Bandingkan biaya total (TER). Total Expense Ratio 2-3% per tahun wajar. Di atas 4% = mahal. Selisih TER 1% bisa kurangi return 15-20% selama 10 tahun.
Pertanyaan yang Sering Ditanyakan
Apa beda ORI dan SBR?
ORI: tenor 3 tahun, kupon fixed. SBR: tenor 2 tahun, kupon floating (mengikuti BI Rate).
Bisa jual SBN ritel sebelum jatuh tempo?
Bisa di pasar sekunder (kecuali SBR di periode early). Harga bisa lebih tinggi atau lebih rendah dari par.
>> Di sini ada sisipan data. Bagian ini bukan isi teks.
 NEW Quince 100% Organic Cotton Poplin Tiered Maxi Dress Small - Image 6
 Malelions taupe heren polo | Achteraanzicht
Apakah SBN ritel ada risiko?
Risiko gagal bayar hampir 0% (dijamin negara). Risiko harga ada di pasar sekunder (mark-to-market).
Pajak SBN ritel?
10% final per pembayaran kupon. Lebih rendah dari pajak progresif individual.
Kapan SBN ritel berikutnya terbit?
Pantau kemenkeu.go.id atau aplikasi bank/platform tempat sahabat punya akun. Biasanya 6-7 kali per tahun.
Max berapa beli SBN ritel?
Rp 5 miliar per orang per seri penerbitan. Cukup besar untuk individual investors.
SBN ritel vs deposito?
SBN: kupon 5,5-7%, dijamin negara, tenor 2-3 tahun. Deposito: bunga 4-6%, dijamin LPS sampai Rp 2M, tenor 1-12 bulan. SBN umumnya lebih menarik return-nya.